Raw data:

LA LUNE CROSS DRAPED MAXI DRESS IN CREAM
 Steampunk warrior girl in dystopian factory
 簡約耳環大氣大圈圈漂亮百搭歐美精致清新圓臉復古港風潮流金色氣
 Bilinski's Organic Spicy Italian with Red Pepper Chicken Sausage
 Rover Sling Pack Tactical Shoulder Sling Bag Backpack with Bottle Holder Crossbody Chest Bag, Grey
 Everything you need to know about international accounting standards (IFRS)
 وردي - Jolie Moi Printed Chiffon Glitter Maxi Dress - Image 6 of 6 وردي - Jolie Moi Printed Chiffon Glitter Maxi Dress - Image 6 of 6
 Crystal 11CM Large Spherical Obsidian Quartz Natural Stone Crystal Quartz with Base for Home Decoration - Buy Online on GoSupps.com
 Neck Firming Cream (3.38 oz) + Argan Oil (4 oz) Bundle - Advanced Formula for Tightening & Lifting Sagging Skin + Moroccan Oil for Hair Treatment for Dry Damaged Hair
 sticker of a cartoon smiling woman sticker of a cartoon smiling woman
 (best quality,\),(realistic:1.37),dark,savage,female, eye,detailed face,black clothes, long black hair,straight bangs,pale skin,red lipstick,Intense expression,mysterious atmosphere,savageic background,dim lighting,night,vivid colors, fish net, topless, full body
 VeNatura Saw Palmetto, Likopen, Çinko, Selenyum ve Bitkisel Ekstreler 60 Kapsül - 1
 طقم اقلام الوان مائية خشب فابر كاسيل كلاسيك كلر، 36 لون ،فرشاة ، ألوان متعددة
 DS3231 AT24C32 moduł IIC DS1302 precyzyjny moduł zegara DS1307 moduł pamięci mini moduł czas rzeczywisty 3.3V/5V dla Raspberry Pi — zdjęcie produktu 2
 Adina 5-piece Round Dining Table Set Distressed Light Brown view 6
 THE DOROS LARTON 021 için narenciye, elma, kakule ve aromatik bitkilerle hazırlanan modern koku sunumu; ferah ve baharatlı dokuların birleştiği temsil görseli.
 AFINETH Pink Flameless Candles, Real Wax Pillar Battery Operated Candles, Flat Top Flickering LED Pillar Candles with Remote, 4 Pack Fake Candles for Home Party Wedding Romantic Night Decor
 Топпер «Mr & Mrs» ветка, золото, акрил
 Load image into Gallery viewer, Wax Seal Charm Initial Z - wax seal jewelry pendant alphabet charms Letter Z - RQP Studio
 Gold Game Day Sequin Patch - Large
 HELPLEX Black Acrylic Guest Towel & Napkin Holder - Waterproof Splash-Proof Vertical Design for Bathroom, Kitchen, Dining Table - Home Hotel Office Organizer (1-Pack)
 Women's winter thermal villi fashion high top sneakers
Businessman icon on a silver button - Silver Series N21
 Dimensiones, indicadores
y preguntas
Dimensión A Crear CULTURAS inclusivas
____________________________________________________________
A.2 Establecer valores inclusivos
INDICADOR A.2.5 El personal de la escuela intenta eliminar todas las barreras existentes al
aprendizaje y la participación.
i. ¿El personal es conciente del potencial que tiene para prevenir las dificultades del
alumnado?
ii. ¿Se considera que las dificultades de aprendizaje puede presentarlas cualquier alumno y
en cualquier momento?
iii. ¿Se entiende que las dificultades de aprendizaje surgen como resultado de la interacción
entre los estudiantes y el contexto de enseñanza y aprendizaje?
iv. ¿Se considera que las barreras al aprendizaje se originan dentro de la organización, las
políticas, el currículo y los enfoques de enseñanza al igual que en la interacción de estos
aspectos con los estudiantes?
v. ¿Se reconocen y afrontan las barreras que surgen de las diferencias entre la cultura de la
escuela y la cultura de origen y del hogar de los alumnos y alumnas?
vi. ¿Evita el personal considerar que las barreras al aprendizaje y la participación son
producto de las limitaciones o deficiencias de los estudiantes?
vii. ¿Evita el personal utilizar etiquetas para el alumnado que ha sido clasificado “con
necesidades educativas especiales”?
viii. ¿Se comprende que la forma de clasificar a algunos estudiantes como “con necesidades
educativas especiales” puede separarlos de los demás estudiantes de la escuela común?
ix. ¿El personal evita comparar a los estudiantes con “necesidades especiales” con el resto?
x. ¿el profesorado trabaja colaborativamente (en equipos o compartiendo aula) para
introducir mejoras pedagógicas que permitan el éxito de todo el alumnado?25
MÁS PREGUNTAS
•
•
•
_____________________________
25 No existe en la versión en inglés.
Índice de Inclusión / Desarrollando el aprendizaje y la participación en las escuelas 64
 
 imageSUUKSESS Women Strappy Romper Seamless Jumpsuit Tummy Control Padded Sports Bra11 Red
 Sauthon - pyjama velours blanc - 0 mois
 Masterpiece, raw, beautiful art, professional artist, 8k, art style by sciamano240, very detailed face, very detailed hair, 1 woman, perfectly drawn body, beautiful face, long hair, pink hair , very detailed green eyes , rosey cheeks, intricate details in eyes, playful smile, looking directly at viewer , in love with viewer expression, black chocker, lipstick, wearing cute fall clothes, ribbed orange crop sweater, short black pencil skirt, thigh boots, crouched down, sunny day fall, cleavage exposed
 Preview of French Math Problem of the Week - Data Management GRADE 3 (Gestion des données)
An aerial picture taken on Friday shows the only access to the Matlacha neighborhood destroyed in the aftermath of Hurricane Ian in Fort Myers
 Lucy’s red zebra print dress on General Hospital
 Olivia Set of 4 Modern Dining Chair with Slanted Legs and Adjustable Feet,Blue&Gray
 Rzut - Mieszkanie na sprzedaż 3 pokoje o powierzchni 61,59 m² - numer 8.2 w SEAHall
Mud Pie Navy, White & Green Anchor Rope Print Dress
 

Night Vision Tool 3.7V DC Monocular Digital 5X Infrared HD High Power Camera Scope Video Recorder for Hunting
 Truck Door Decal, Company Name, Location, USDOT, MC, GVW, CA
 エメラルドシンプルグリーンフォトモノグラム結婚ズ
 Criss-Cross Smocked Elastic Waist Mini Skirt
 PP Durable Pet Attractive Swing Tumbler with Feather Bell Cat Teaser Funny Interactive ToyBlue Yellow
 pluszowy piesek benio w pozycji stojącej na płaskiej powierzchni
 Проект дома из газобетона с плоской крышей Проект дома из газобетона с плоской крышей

Instructions for the task:
Retype the records above, but only those lines that fall between the line containing "x. ¿el profesorado" and the line containing "Preview of French", with both of those lines included, exactly as written.

Task answer:
x. ¿el profesorado trabaja colaborativamente (en equipos o compartiendo aula) para
introducir mejoras pedagógicas que permitan el éxito de todo el alumnado?25
MÁS PREGUNTAS
•
•
•
_____________________________
25 No existe en la versión en inglés.
Índice de Inclusión / Desarrollando el aprendizaje y la participación en las escuelas 64
 
 imageSUUKSESS Women Strappy Romper Seamless Jumpsuit Tummy Control Padded Sports Bra11 Red
 Sauthon - pyjama velours blanc - 0 mois
 Masterpiece, raw, beautiful art, professional artist, 8k, art style by sciamano240, very detailed face, very detailed hair, 1 woman, perfectly drawn body, beautiful face, long hair, pink hair , very detailed green eyes , rosey cheeks, intricate details in eyes, playful smile, looking directly at viewer , in love with viewer expression, black chocker, lipstick, wearing cute fall clothes, ribbed orange crop sweater, short black pencil skirt, thigh boots, crouched down, sunny day fall, cleavage exposed
 Preview of French Math Problem of the Week - Data Management GRADE 3 (Gestion des données)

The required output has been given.